Anmerkungen zum Gastbeitrag des Ex-Bundeskanzlers Schröder in der BZ vom 08. / 09. Oktober
Zu diesem Beitrag muss ich mich einfach äußern, weil in zunehmendem Maße einerseits die Sanktionen gegen Russland von Teilen der Bevölkerung in Frage gestellt werden und andererseits Herr Schröder in seinem Beitrag die Notwendigkeit jeglichen militärischen und wirtschaftlichen Drucks auf Russland zwecks Beendigung des Krieges gegen die Ukraine anzweifelt.
Aus meiner Sicht hat G.Schröder völlig recht, wenn er meint, dass der Ukraine-Krieg auf diplomatischem Weg beendet werden muss.
Es stellt sich nur die Frage, wann und mit wem Friedensgespräche möglich werden.
Wenn Herr Putin nun neuerdings nur vorerst Teile der Ukraine „befreien“ möchte (nachdem er ursprünglich ja vom Erfordernis einer Auslöschung des Staates Ukraine sprach), weil er glaubt, damit seinem Ziel, der Wiederherstellung einer russisch dominierten Sowjetunion näher zu kommen , und wenn er Gesprächsbereitschaft signalisiert, die aber nur zu seinen Bedingungen durchführbar sein soll, ist das doch keine Basis für diplomatische Lösungsversuche.
Dass vom Westen und insbesondere den USA in ihrer Russland-Politik Fehler gemacht wurden, steht außer Frage, rechtfertigt aber nicht den brutalen russischen Einmarsch in die Ukraine und die Drohung des Einsatzes auch von Atom-Waffen.
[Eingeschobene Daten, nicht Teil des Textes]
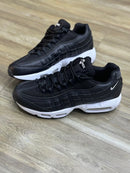Nike AirMax 95 Preto c/ Branco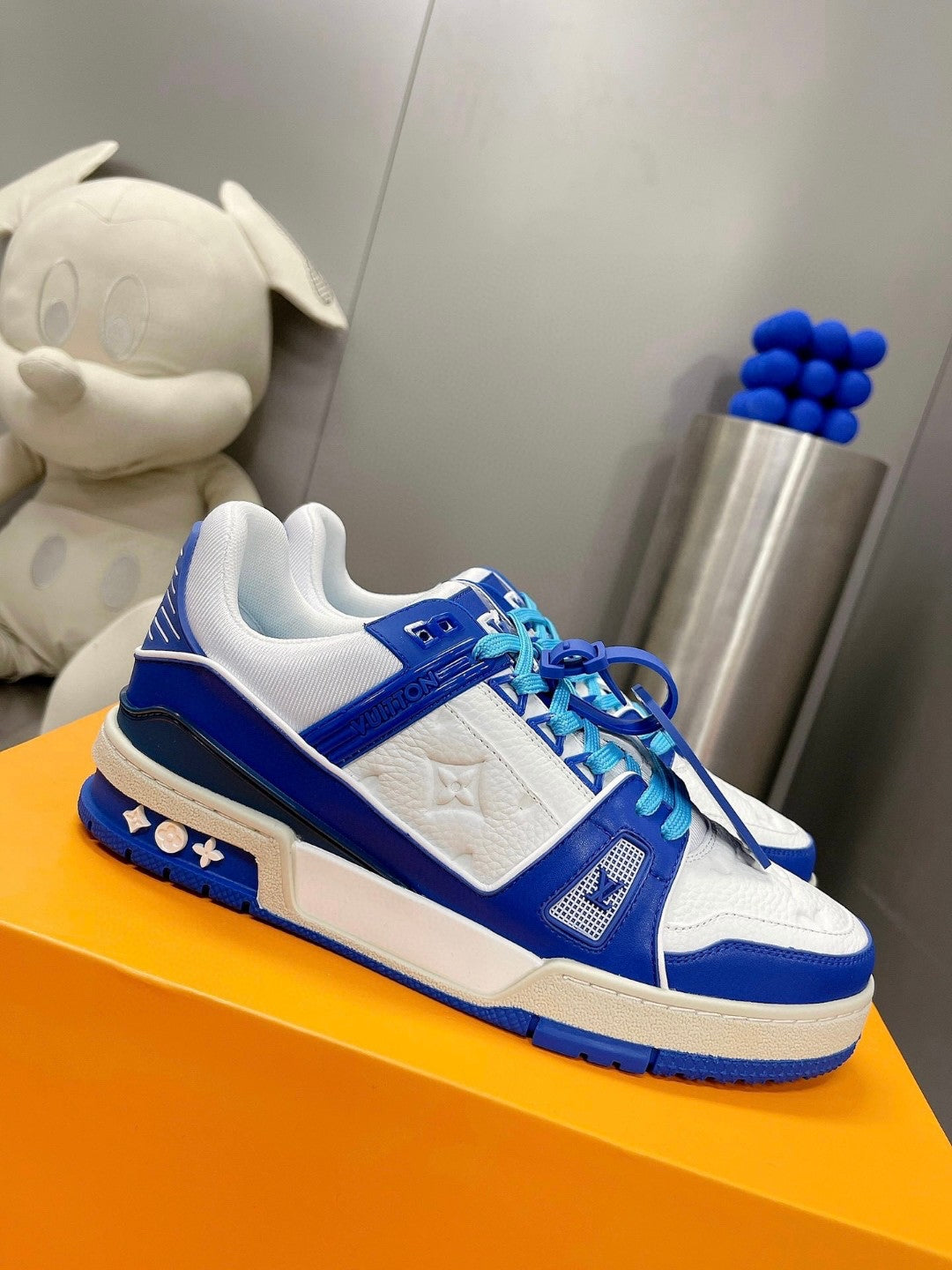 Sneakers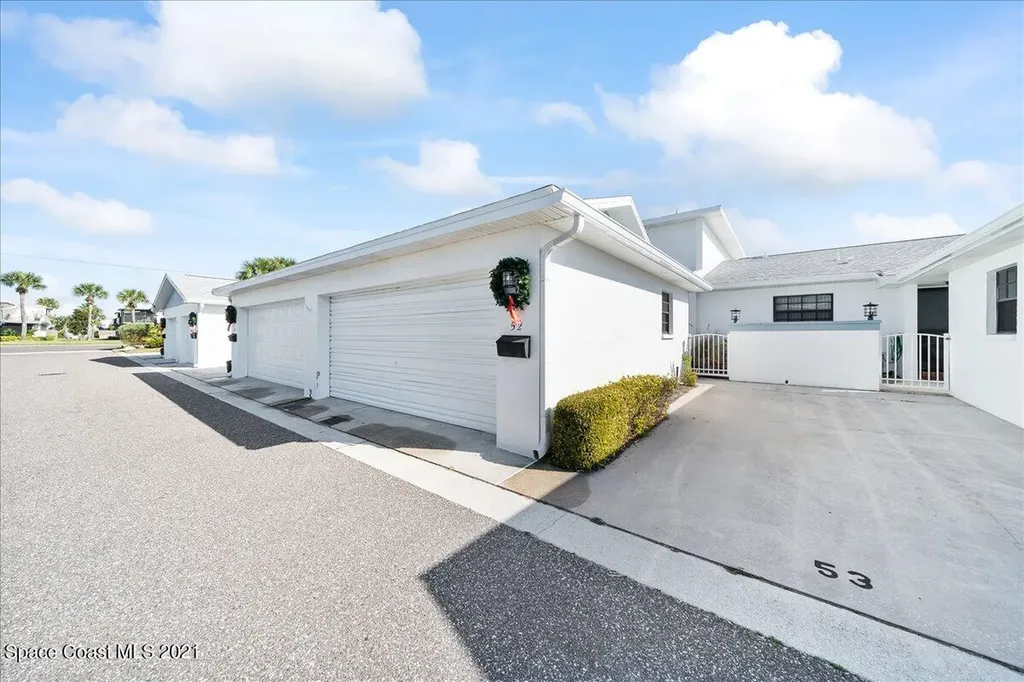 335 Paradise Boulevard Indialantic FL 32903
Meiner Ansicht nach hat Putin jede Glaubwürdigkeit als internationaler Verhandlungspartner verspielt.
Ich hoffe, dass die wachsende Kritik (zunehmend auch aus seinem eigenen Umfeld) infolge russischer Misserfolge und Fehleinschätzungen schließlich zu seiner Entmachtung führen wird.
Um diese Tendenz zu stärken, sollte die EU auch weiterhin die Ukraine kontrolliert und koordiniert militärisch und wirtschaftlich unterstützen und die Sanktionen gegen Russland aufrecht erhalten oder erforderlichenfalls noch verstärken, auch wenn daraus für unsere Lebensverhältnisse weitere Belastungen entstehen.
Verstärkte diplomatische Bemühungen, um Putin unter Druck zu setzen und ihn international weiter zu isolieren, sollte die EU mit China anstreben, das an einer weiteren wirtschaftlichen Zusammenarbeit mit der EU interessiert ist und sicher großen Einfluss auf die russische Haltung nehmen kann.
Friedensgespräche zwischen der Ukraine (ggf. mit Unterstützung der EU , Chinas sowie eventuell der Türkei) und Russland erscheinen mir erst realistisch, wenn die Regierung von Herrn Schröders Freund Putin durch eine Regierung abgelöst ist, die die Autonomie ihrer Nachbarländer respektiert!
Übrigens denke ich nicht, dass die langjährige Politik der Bundesregierungen, durch wirtschaftliche Zusammenarbeit mit Russland - mit Putin im Gespräch bleiben - und international vermitteln zu können, falsch war. Nur stellte es sich im Februar diesen Jahres heraus, dass diese Politik sich nicht bewährt hat und nun von einer „Zeitenwende“ zu sprechen ist!
Gelernt werden muss daraus, dass sich kein Staat von einem anderen wirtschaftlich alternativlos abhängig machen darf.